(Stored entries)
%%

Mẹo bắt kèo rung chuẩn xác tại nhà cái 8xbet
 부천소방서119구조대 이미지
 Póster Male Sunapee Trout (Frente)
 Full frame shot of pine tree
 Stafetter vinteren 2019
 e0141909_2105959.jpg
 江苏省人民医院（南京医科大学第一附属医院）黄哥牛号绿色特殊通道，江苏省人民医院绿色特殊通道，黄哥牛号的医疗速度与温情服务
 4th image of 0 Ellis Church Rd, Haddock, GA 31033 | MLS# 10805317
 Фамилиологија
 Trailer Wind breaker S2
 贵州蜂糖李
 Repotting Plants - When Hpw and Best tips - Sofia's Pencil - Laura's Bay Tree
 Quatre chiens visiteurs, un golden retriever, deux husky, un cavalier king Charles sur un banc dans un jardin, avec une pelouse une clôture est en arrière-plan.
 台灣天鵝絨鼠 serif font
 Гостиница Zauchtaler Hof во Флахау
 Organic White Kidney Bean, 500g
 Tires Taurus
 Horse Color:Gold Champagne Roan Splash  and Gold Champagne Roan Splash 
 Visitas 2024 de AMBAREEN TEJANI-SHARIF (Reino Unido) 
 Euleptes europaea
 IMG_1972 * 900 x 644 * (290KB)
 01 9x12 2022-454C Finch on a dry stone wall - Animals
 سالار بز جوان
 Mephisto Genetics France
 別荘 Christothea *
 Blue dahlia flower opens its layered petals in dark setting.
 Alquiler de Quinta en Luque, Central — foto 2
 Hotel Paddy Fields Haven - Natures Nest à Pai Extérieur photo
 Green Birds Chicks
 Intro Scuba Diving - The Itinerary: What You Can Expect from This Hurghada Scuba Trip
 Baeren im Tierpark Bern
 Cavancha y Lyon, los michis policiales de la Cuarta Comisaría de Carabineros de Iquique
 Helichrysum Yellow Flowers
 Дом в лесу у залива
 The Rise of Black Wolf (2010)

%%

Quote all of the entries exactly as they appear.

Mẹo bắt kèo rung chuẩn xác tại nhà cái 8xbet
 부천소방서119구조대 이미지
 Póster Male Sunapee Trout (Frente)
 Full frame shot of pine tree
 Stafetter vinteren 2019
 e0141909_2105959.jpg
 江苏省人民医院（南京医科大学第一附属医院）黄哥牛号绿色特殊通道，江苏省人民医院绿色特殊通道，黄哥牛号的医疗速度与温情服务
 4th image of 0 Ellis Church Rd, Haddock, GA 31033 | MLS# 10805317
 Фамилиологија
 Trailer Wind breaker S2
 贵州蜂糖李
 Repotting Plants - When Hpw and Best tips - Sofia's Pencil - Laura's Bay Tree
 Quatre chiens visiteurs, un golden retriever, deux husky, un cavalier king Charles sur un banc dans un jardin, avec une pelouse une clôture est en arrière-plan.
 台灣天鵝絨鼠 serif font
 Гостиница Zauchtaler Hof во Флахау
 Organic White Kidney Bean, 500g
 Tires Taurus
 Horse Color:Gold Champagne Roan Splash  and Gold Champagne Roan Splash 
 Visitas 2024 de AMBAREEN TEJANI-SHARIF (Reino Unido) 
 Euleptes europaea
 IMG_1972 * 900 x 644 * (290KB)
 01 9x12 2022-454C Finch on a dry stone wall - Animals
 سالار بز جوان
 Mephisto Genetics France
 別荘 Christothea *
 Blue dahlia flower opens its layered petals in dark setting.
 Alquiler de Quinta en Luque, Central — foto 2
 Hotel Paddy Fields Haven - Natures Nest à Pai Extérieur photo
 Green Birds Chicks
 Intro Scuba Diving - The Itinerary: What You Can Expect from This Hurghada Scuba Trip
 Baeren im Tierpark Bern
 Cavancha y Lyon, los michis policiales de la Cuarta Comisaría de Carabineros de Iquique
 Helichrysum Yellow Flowers
 Дом в лесу у залива
 The Rise of Black Wolf (2010)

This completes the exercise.